**WORK TASK:**
The response should be an exact transcription of the data below, free of images.

=== COLLECTED MATERIAL ===

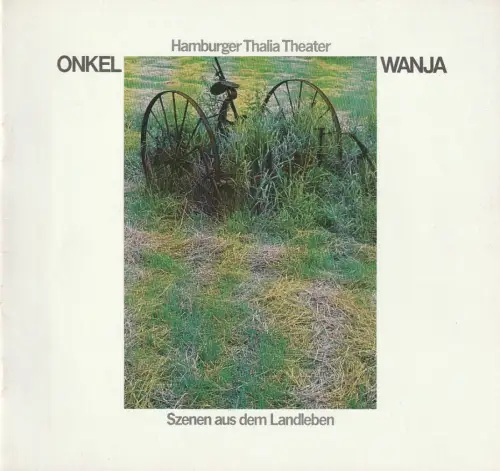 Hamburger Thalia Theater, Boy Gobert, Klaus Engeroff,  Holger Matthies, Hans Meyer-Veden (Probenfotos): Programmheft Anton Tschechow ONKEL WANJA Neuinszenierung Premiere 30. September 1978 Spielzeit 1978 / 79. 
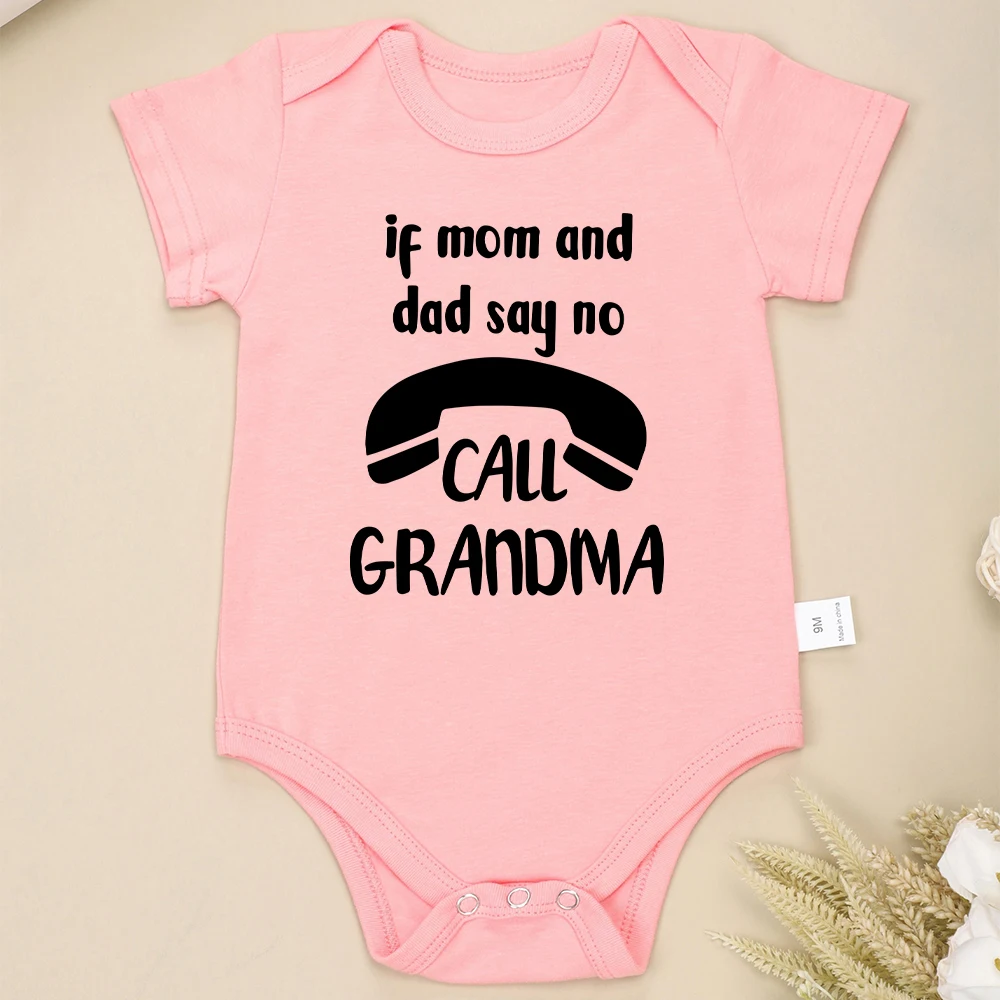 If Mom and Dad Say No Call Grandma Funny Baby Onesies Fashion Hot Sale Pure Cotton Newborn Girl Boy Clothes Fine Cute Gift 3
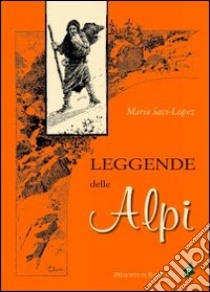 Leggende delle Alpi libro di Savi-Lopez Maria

===

**ANSWER AREA:**
 Hamburger Thalia Theater, Boy Gobert, Klaus Engeroff,  Holger Matthies, Hans Meyer-Veden (Probenfotos): Programmheft Anton Tschechow ONKEL WANJA Neuinszenierung Premiere 30. September 1978 Spielzeit 1978 / 79. 
 If Mom and Dad Say No Call Grandma Funny Baby Onesies Fashion Hot Sale Pure Cotton Newborn Girl Boy Clothes Fine Cute Gift 3
 Leggende delle Alpi libro di Savi-Lopez Maria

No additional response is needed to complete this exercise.